I dunno, I love Dungeon Keeper, but there's definitely a lot of direct interaction going on there... Not the same sort of "left click, right click" as StarCraft and the like, but clutching 18 bile demons in your fist and dumping them on top of someone still had a certain controlling aspect to it.
And while you were still paying for everybody (and their training! Goodness that got expensive at times...), DK2 did have a more "chaff" option in the form of skeletons. War for the Overworld has a lot of similarities, and includes the added fun of stuff like beast masters who drag your animal minions off to the fighting pits on their own in order to improve their experience levels. Dwelvers takes a slightly different approach to the DK formula, and the individual denizens have a bit more agency as a result.
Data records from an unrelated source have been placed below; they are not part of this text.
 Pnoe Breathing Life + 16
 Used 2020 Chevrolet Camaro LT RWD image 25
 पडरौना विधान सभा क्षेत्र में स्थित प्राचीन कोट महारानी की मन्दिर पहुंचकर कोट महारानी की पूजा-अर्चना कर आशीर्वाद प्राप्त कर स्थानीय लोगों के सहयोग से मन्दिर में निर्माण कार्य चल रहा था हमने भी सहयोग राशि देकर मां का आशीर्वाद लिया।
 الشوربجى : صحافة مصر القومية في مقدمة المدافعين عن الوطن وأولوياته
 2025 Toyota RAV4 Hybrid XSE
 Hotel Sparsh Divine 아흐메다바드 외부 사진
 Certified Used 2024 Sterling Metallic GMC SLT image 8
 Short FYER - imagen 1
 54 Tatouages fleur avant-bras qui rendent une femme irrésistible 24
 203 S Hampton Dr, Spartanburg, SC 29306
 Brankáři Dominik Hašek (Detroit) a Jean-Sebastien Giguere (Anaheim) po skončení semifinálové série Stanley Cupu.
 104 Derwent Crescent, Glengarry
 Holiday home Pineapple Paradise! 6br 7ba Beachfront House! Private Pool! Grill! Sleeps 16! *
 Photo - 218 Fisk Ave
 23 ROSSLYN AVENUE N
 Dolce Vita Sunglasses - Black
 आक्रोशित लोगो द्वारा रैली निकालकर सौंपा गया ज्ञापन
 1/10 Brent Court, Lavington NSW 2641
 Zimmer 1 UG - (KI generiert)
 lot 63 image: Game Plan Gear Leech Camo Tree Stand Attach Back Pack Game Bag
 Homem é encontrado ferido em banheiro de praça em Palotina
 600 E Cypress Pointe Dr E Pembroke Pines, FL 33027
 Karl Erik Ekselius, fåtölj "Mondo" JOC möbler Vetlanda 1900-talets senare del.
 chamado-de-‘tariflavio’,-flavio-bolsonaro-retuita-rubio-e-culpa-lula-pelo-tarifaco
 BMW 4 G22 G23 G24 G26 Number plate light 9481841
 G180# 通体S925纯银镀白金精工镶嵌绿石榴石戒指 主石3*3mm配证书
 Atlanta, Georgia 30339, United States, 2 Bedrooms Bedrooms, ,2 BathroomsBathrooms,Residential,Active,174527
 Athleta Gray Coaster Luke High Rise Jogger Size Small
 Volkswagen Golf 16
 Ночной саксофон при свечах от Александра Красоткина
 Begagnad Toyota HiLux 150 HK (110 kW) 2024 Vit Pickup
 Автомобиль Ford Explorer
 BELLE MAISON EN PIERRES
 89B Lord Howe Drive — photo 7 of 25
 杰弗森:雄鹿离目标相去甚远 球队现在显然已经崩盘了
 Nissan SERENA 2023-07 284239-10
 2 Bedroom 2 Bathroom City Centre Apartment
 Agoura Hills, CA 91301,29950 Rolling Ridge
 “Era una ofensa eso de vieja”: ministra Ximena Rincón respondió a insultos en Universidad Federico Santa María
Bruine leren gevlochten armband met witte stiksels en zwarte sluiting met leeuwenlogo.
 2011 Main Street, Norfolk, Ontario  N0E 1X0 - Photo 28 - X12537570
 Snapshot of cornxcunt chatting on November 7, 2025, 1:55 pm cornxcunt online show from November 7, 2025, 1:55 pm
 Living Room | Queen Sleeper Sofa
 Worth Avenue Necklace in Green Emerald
Settlers though... Now there's a series I'd completely forgotten about. I suppose something could be said of city (village?) builders like Banished or whatnot since the peeps are moving around with their own plans, but there's no warfare going on so... Eh. Settlers seems to have a bit more personality on that side of things, at least for some of the titles. Dunno, heh, I don't actually have much experience with the games...
You can do a lot of bribery and finagling in The Guild 2, but a lot of it is extremely blunt due to the way the game's limited by broken/destroyed/demolished coding. There's also some amount of free agency there with your employees, but your fighty types are usually going to be under your direct RTS control... And with good reason too, geez. The AI is absolutely suicidal.